Pericolo di guerra. Che fare? | Enrico Peyretti


L’opinione pubblica internazionale assiste impotente allo scivolamento verso scenari di guerra aperta, in assenza di una mobilitazione che ottenga per tempo dai governi saggi passi indietro. Non c’è solo il terrorismo nella “guerra mondiale a pezzi” da tempo in corso, che può condurre a esiti incontrollabili. Sentiamo questo allarme, che sollecita riflessioni, dibattiti, impegno. Ma è davvero immaginabile un confronto militare diretto tra Occidente e Russia? Cosa si può fare?
Non porta molto avanti l’analisi delle diverse responsabilità nella storia, sia prima sia dopo la fine della Guerra Fredda, nel 1989, seguita da nuove guerre di interessi, mascherate da “guerre di civiltà”, come confessava il Nuovo modello di difesa italiano del 1991. Non serve a molto accusare di più l’influenza o dominio geopolitico occidentale, o di più l’espansionismo rivendicativo della Russia umiliata (trattamento sempre pericoloso). Serve che i popoli ottengano che tutti abbassino le minacce e le contro-minacce.
Che fare? La grande mobilitazione mondiale del 15 gennaio 2003 e la campagna popolare delle bandiere non impedì la 2a guerra all’Iraq. Allora, siamo impotenti? Mail-bombing sui governi? Preghiere in piazza delle varie religioni? Digiuni pubblici, non come ricatti, ma assunzione del dolore su di sé per toccare le coscienze? Messaggi al “nemico” per indurlo al dialogo? Elezione di un “ministro della pace”, come chiedevano Aldo Capitini e, in Parlamento, Tullio Vinay (cfr. il mio La politica è pace, Ed. Cittadella 1998, pp. 46-49)? Una dichiarazione-richiesta di pace concordata al “nemico” dell’Occidente, Putin? Una uguale dichiarazione-richiesta all’alleato Usa?
Sappiamo già che nessun segno o manifestazione è visibile se non ha forza sui media! Inchinarsi alle regole dei media?
L’azione più profonda che può avvenire è l’evoluzione mentale-morale (ciascuno in se stesso perché cresca in tutti) dalla ideologia della fatalità della guerra alla capacità di trasformazione-soluzione nonviolenta dei conflitti. Non è utopia disperata perché la cultura corrente ha ancora da scoprire la storia del “sangue risparmiato” (Anna Bravo), occultata dal fracasso delle guerre e da chi le celebra. Ci sono storie consistenti di lotte nonviolente, mezzi giusti per la giustizia, poco conosciute e considerate.

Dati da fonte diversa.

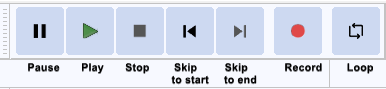 Transport Toolbar buttons, annotated - click on the image to see this toolbar displayed in context of the default upper tooldock layout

In questo impegno sappiamo bene che la giustizia non è affermata nella storia se non come frammenti profetici, apparizioni e non installazioni vincenti, ma sempre come tensione-aspirazione insopprimibile, nerbo e orizzonte della storia pur oscillante, ubriacata da qualche follia.
Ma oltre i tempi profondi e lunghi, occorre agire e proporre decisioni sui tempi brevi, perché troppe vite soffrono e muoiono, offese e vilipese, la storia umana è deviata dal suo senso, l’umanità intera è minacciata. Perché possa avvenire questa evoluzione umana bisogna rimuovere la causa che blocca il riconoscimento reciproco e divide l’umanità: la causa è la volontà di potenza, il capitalizzare ricchezza anche a danno altrui, la conquista di ricchezze sottraendole ad altri, l’influenza sulle terre ricche di risorse sottratte a chi le abita, e tutto ciò nella sottoconsiderazione dell’umanità altrui. Francesco vescovo di Roma, sull’aereo per la Polonia, il 27 luglio 2016, ha detto: «C’è guerra di interessi, c’è guerra per i soldi, c’è guerra per le risorse della natura, c’è guerra per il dominio dei popoli: questa è la guerra. Qualcuno può pensare: “Sta parlando di guerra di religione”. No. Tutte le religioni vogliamo la pace. La guerra, la vogliono gli altri. Capito?». È un’accusa al capitalismo liberista, della libertà senza giustizia.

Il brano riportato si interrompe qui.